Continuous control relies on discretization: Continuous actions are handled via bang-bang binary discretization, essentially avoiding true continuous action-conditioning, which raises scalability concerns.
Contrastive training not yet utilized: The authors explicitly leave "sampling positive/negative samples from the replay buffer for training in the original FF contrastive style" as future work. Currently, they still use the DQN MSE objective, meaning the contrastive essence of FF is not fully exploited.
Theoretical explanations remain speculative: Key assertions such as "arbitrary dimensions release non-linear capacity" and "layer-wise averaging reduces variance" are mostly framed as conjectures/hypotheses without rigorous analysis.

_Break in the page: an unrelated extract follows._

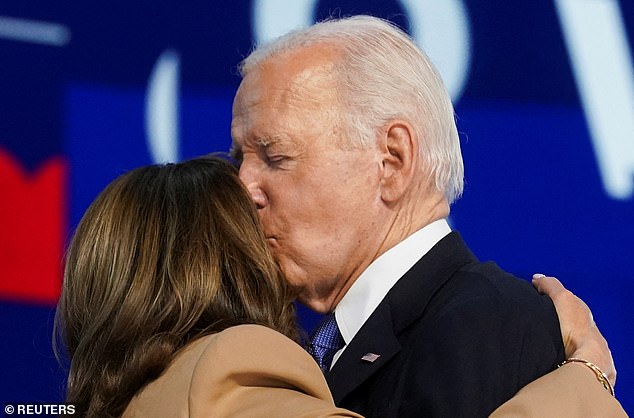 President Joe Biden kisses Democratic presidential nominee and Vice President Kamala Harris after his remarks at the Democratic National Convention Monday night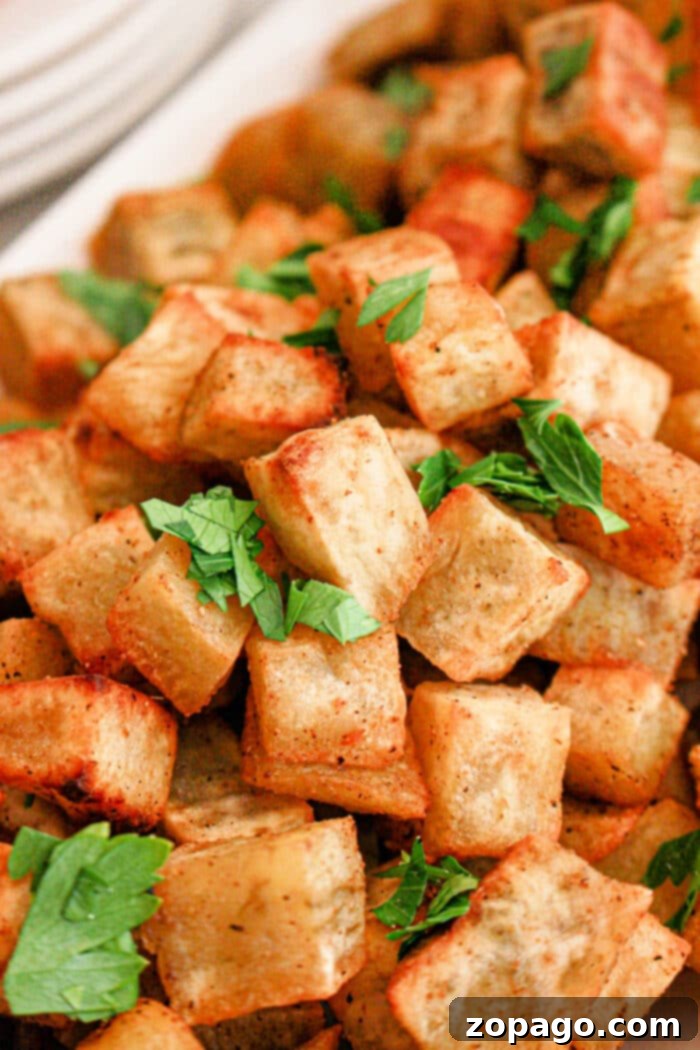 Creamy White Sweet Potato Delight 2 A pile of crispy roasted white sweet potato cubes garnished with fresh parsley.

Forward-Forward (Hinton, 2022): The direct source for the goodness function and the BP-free paradigm; ARQ's core innovation is "migrating FF's goodness from supervision to RL value estimation."
Artificial Dopamine (Guan et al., 2024): The most direct baseline and implementation base. ARQ modifies its attention-like cells, specifically addressing the bottleneck of restricted output dimensions.
DQN / TD Learning (Mnih et al., 2013; Sutton, 1988): The foundation for training objectives and value estimation paradigms. ARQ reuses Bellman MSE, making it plug-and-play.
Bang-bang Discretization (Seyde et al., 2021): Provides a feasible discretization bridge for action-conditioning in continuous control.
Insight: When a module's "output readout method" becomes a bottleneck for expressivity, instead of adding parameters, it is sometimes better to switch to a parameter-free statistic with free dimensions—scale-invariant statistics like RMS/standard deviation are tools worth reusing in more plug-and-play scenarios.

Rating¶

Novelty: ⭐⭐⭐⭐ — Ingenious analogy between FF goodness and RL value implemented as parameter-free RMS readout with input action-conditioning; however, it is a refined modification of AD rather than a brand-new framework.
Experimental Thoroughness: ⭐⭐⭐ — Solid results on two benchmarks with 5 seeds, plus ablations for action-conditioning/non-linearity and PCA analysis, but lacks verification on high-dimensional or large-scale environments.
Writing Quality: ⭐⭐⭐⭐ — Clear motivational chain (FF→RL→dimension bottleneck), well-aligned pseudo-code and diagrams, and honest labeling of key assertions as conjectures.
Value: ⭐⭐⭐⭐ — Provides empirical evidence that biologically plausible BP-free learning can exceed BP baselines in RL; the method is plug-and-play and likely to be adopted by subsequent local RL research.